SOURCE MATERIAL section start

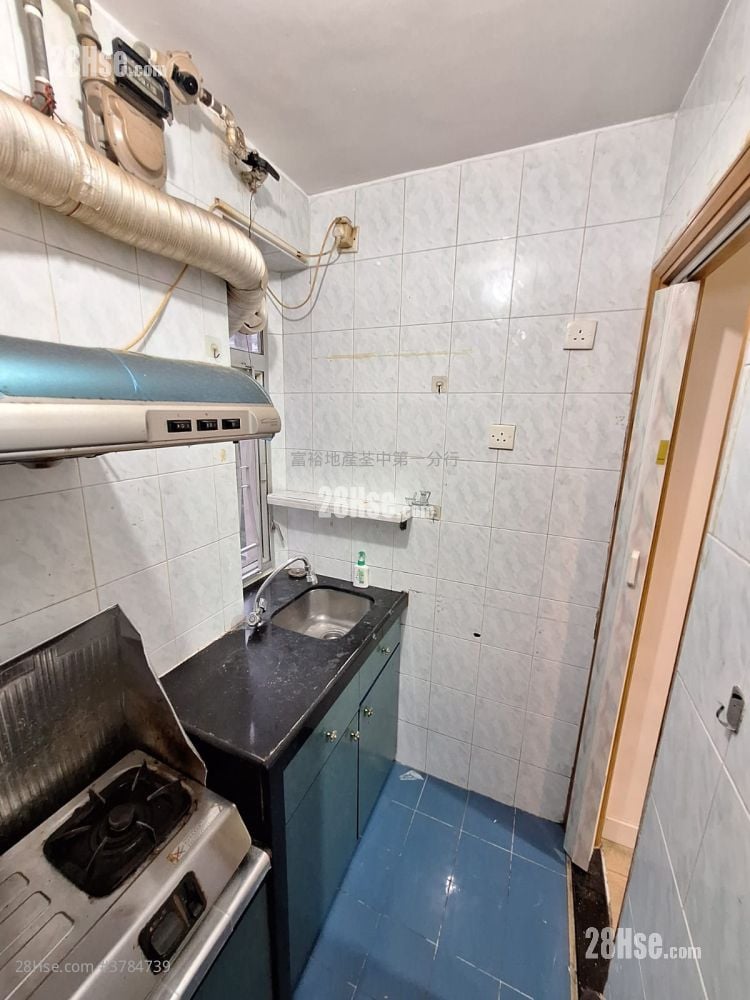 Tsuen Wan Centre Sell 2 Bedrooms 329 ft²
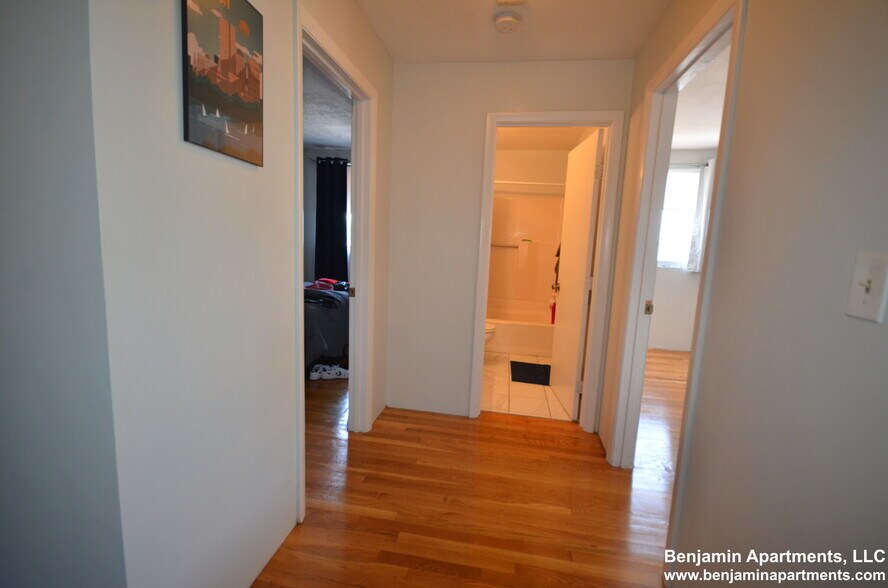 Building Photo - 385 Dorchester St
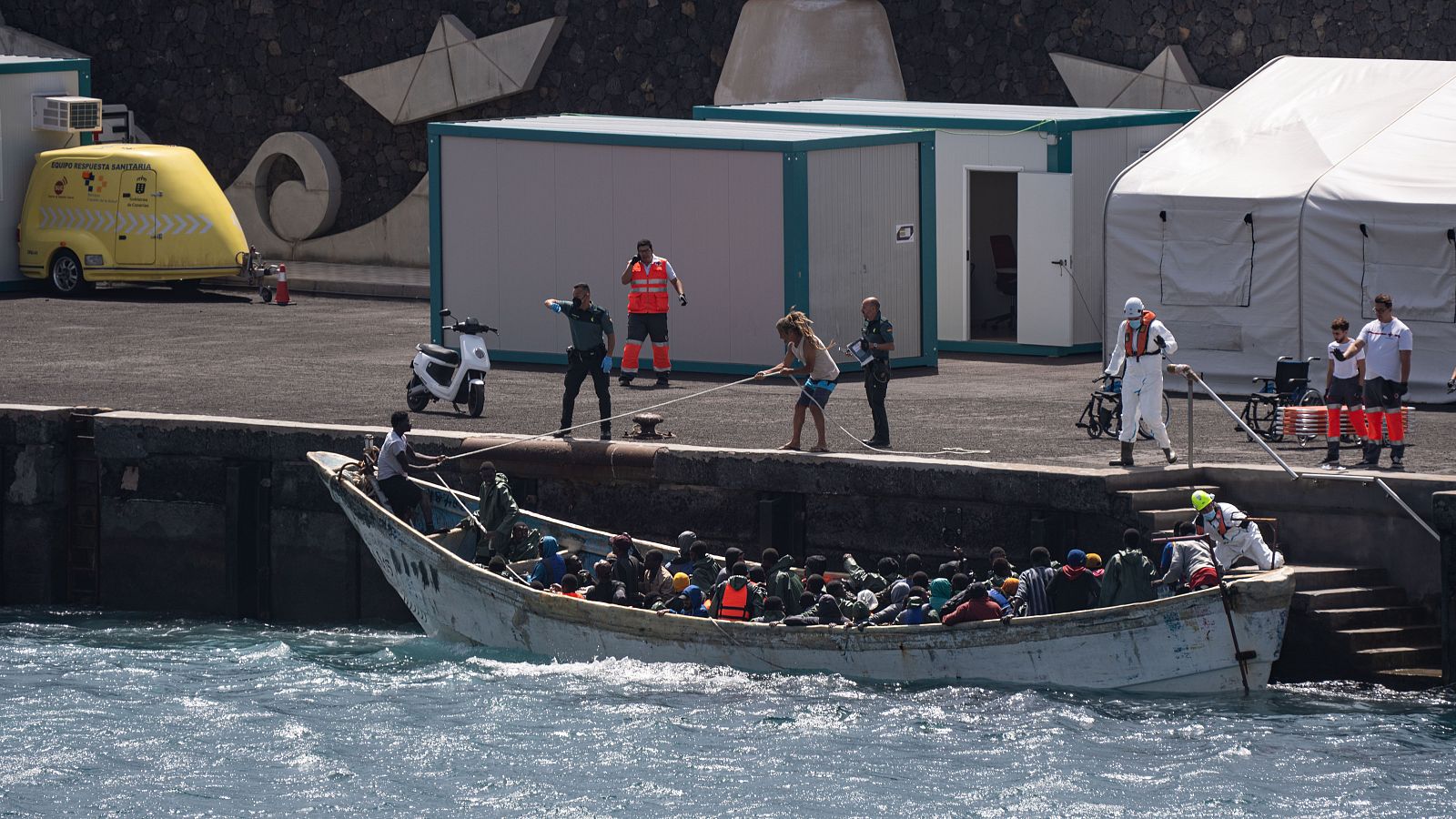 Un cayuco llega a El Hierro con 173 migrantes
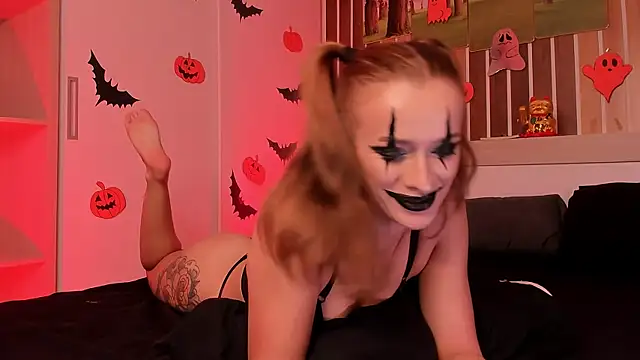 Snapshot of Dora_Banks chatting on 10-29-25, 10:50 Dora Banks online show from 10-29-25, 10:50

SOURCE MATERIAL section end

• _WORK ORDER_: Everything from the line with "Un cayuco llega" through the last line of the listing should be retyped exactly, with both end lines kept and the pictures left out.

• _SOLUTION BELOW_:
 Un cayuco llega a El Hierro con 173 migrantes
 Snapshot of Dora_Banks chatting on 10-29-25, 10:50 Dora Banks online show from 10-29-25, 10:50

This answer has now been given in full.